> **Required work**
Only the pictures are to be left out; please reproduce everything else in the data exactly.

> **Data provided**
====================

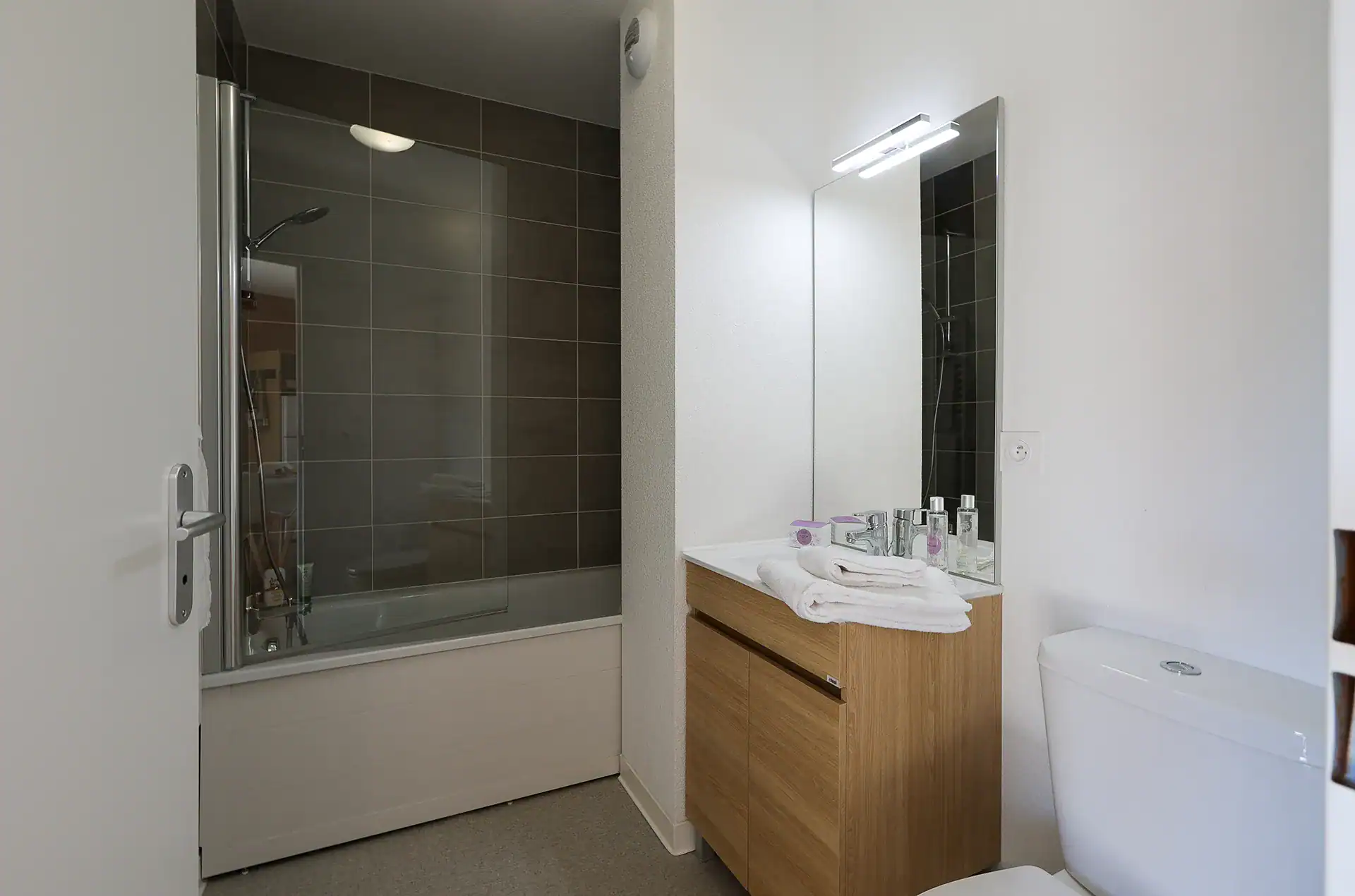 Example of a bathroom at the Goélia Le Domaine d'Uhaina holiday residence in Urrugne in the Basque Country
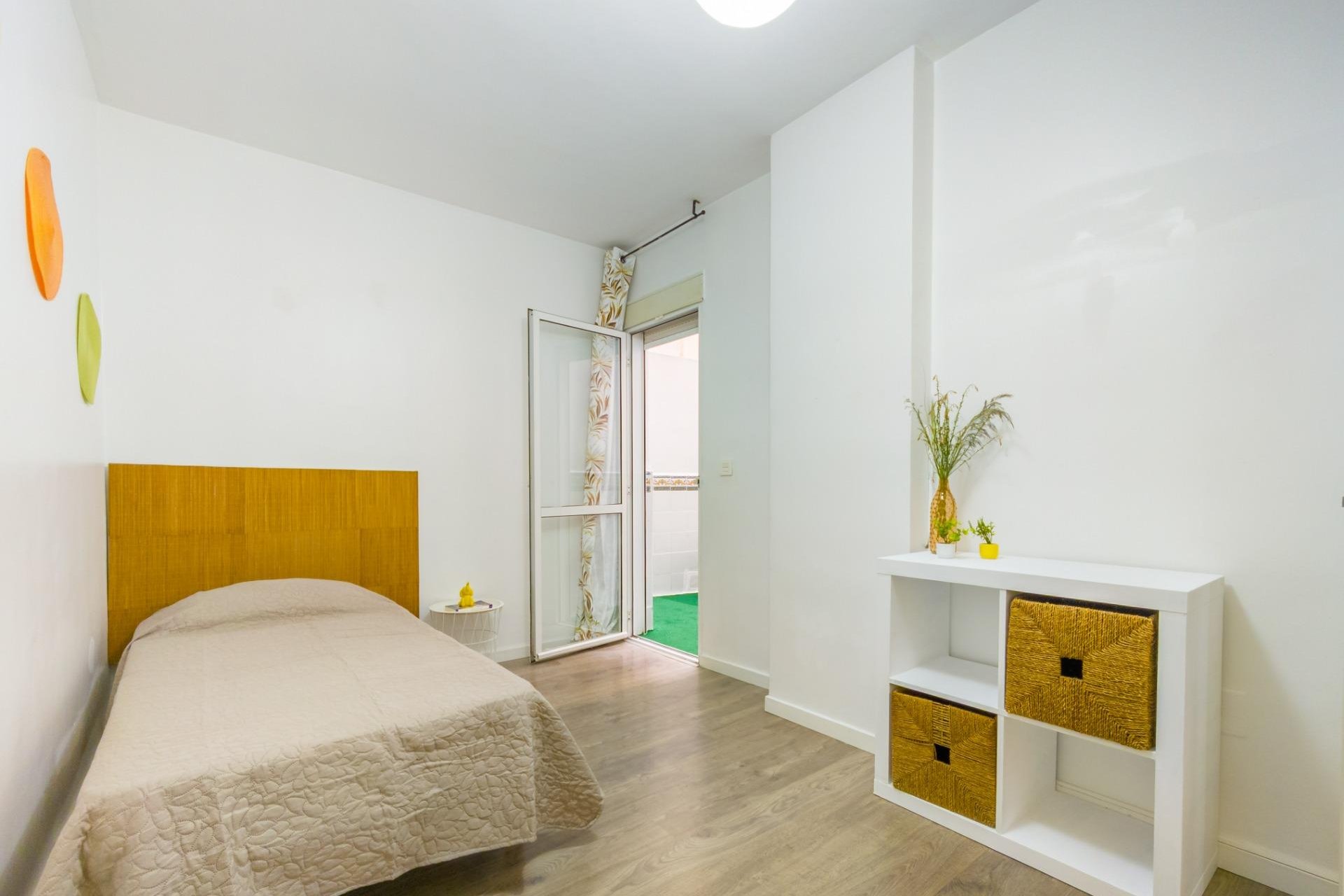 Használt Ingatlanok - Apartman -
Torrevieja - Estacion De Autobuses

====================

> **Output for this task**
 Example of a bathroom at the Goélia Le Domaine d'Uhaina holiday residence in Urrugne in the Basque Country
 Használt Ingatlanok - Apartman -
Torrevieja - Estacion De Autobuses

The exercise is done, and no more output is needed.